Like the Volta reveal 3 years ago – and is now traditional for NVIDIA GTC reveals – today’s focus is on the very high end of the market. In 2017 NVIDIA launched the Volta-based GV100 GPU, and with it the V100 accelerator. V100 was a massive success for the company, greatly expanding their datacenter business on the back of the Volta architecture’s novel tensor cores and sheer brute force that can only be provided by a 800mm2+ GPU. Now in 2020, the company is looking to continue that growth with Volta’s successor, the Ampere architecture.

Now a much more secretive company than they once were, NVIDIA has been holding its future GPU roadmap close to its chest. While the Ampere codename (among others) has been floating around for quite some time now, it’s only this morning that we’re finally getting confirmation that Ampere is in, as well as our first details on the architecture. Due to the nature of NVIDIA’s digital presentation – as well as the limited information given in NVIDIA’s press pre-briefings – we don’t have all of the details on Ampere quite yet. However for this morning at least, NVIDIA is touching upon the highlights of the architecture for its datacenter compute and AI customers, and what major innovations Ampere is bringing to help with their workloads.

Kicking things off for the Ampere family is the A100. Officially, this is the name of both the GPU and the accelerator incorporating it; and at least for the moment they’re both one in the same, since there is only the single accelerator using the GPU.

NVIDIA Accelerator Specification Comparison
  A100 V100 P100
FP32 CUDA Cores 6912 5120 3584
Boost Clock ~1.41GHz 1530MHz 1480MHz
Memory Clock 2.4Gbps HBM2 1.75Gbps HBM2 1.4Gbps HBM2
Memory Bus Width 5120-bit 4096-bit 4096-bit
Memory Bandwidth 1.6TB/sec 900GB/sec 720GB/sec
VRAM 40GB 16GB/32GB 16GB
Single Precision 19.5 TFLOPs 15.7 TFLOPs 10.6 TFLOPs
Double Precision 9.7 TFLOPs
(1/2 FP32 rate)
7.8 TFLOPs
(1/2 FP32 rate)
5.3 TFLOPs
(1/2 FP32 rate)
INT8 Tensor 624 TOPs N/A N/A
FP16 Tensor 312 TFLOPs 125 TFLOPs N/A
TF32 Tensor 156 TFLOPs N/A N/A
Interconnect NVLink 3
12 Links (600GB/sec)
NVLink 2
6 Links (300GB/sec)
NVLink 1
4 Links (160GB/sec)
GPU GA100
(826mm2)
GV100
(815mm2)
GP100
(610mm2)
Transistor Count 54.2B 21.1B 15.3B
TDP 400W 300W/350W 300W
Manufacturing Process TSMC 7N TSMC 12nm FFN TSMC 16nm FinFET
Interface SXM4 SXM2/SXM3 SXM
Architecture Ampere Volta Pascal

Designed to be the successor to the V100 accelerator, the A100 aims just as high, just as we’d expect from NVIDIA’s new flagship accelerator for compute.  The leading Ampere part is built on TSMC’s 7nm process and incorporates a whopping 54 billion transistors, 2.5x as many as the V100 before it.

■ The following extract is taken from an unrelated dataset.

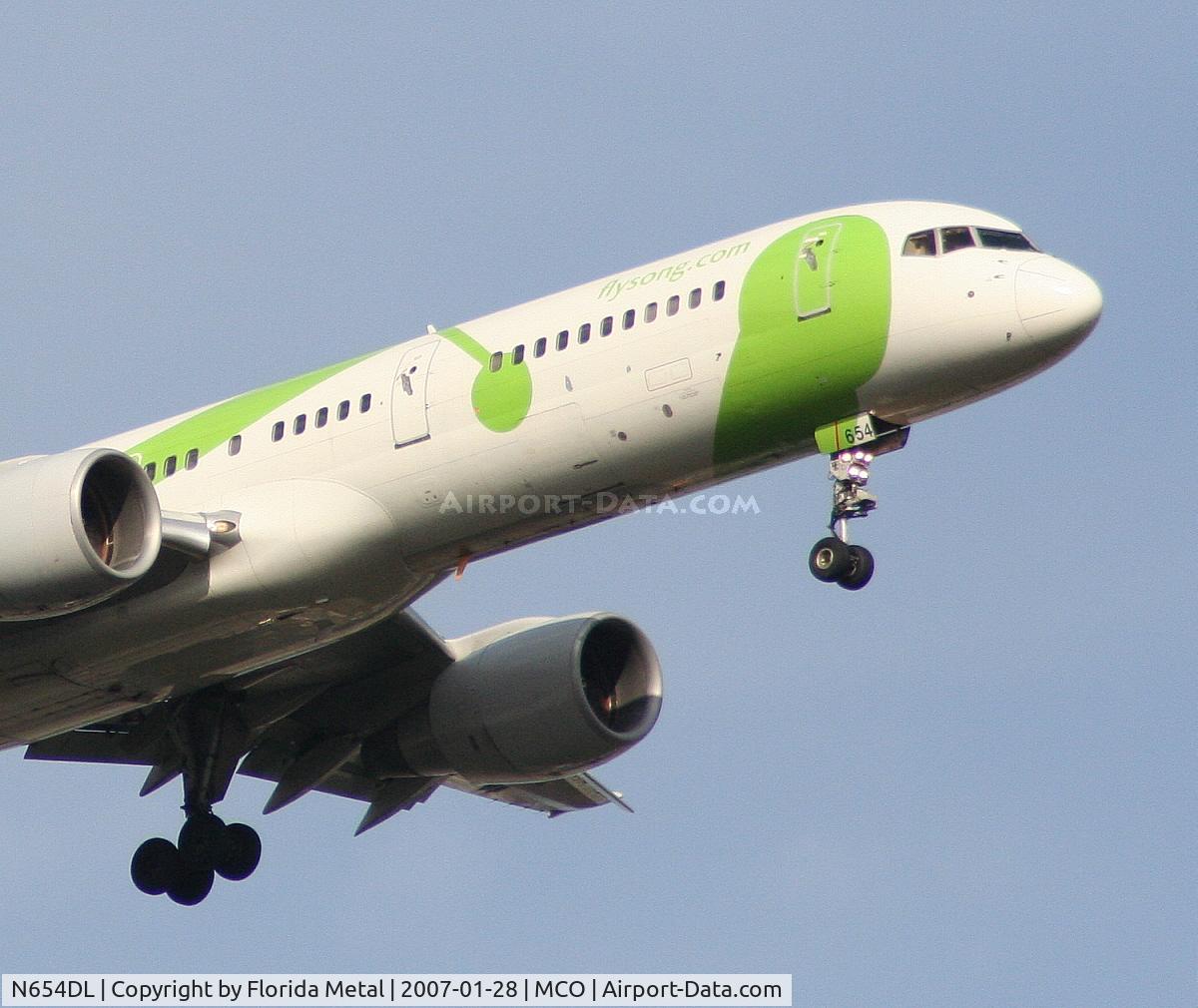N654DL, 1990 Boeing 757-232 C/N 24394, Song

NVIDIA has put the full density improvements offered by the 7nm process in use, and then some, as the resulting GPU die is 826mm2 in size, even larger than the GV100. NVIDIA went big on the last generation, and in order to top themselves they’ve gone even bigger this generation.

We’ll touch more on the individual specifications a bit later, but at a high level it’s clear that NVIDIA has invested more in some areas than others. FP32 performance is, on paper, only modestly improved from the V100. Meanwhile tensor performance is greatly improved – almost 2.5x for FP16 tensors – and NVIDIA has greatly expanded the formats that can be used with INT8/4 support, as well as a new FP32-ish format called TF32. Memory bandwidth is also significantly expanded, with multiple stacks of HBM2 memory delivering a total of 1.6TB/second of bandwidth to feed the beast that is Ampere.

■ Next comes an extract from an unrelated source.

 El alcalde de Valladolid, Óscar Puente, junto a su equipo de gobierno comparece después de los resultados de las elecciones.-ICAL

NVIDIA will be delivering the initial version of this accelerator in their now-common SXM form factor, which is a mezzanine-style card well-suited for installation in servers. On a generation-over-generation basis, power consumption has once again gone up, which is probably fitting for a generation called Ampere. Altogether the A100 is rated for 400W, as opposed to 300W and 350W for various versions of the V100. This makes the SXM form factor all the more important for NVIDIA’s efforts, as PCIe cards would not be suitable for that kind of power consumption.

As for the Ampere architecture itself, NVIDIA is releasing limited details about it today. Expect we’ll hear more over the coming weeks, but for now NVIDIA is confirming that they are keeping their various product lines architecturally compatible, albeit in potentially vastly different configurations. So while the company is not talking about Ampere (or derivatives) for video cards today, they are making it clear that what they’ve been working on is not a pure compute architecture, and that Ampere’s technologies will be coming to graphics parts as well, presumably with some new features for them as well. Ultimately this is part of NVIDIA’s ongoing strategy to ensure that they have a single ecosystem, where, to quote Jensen, “Every single workload runs on every single GPU.”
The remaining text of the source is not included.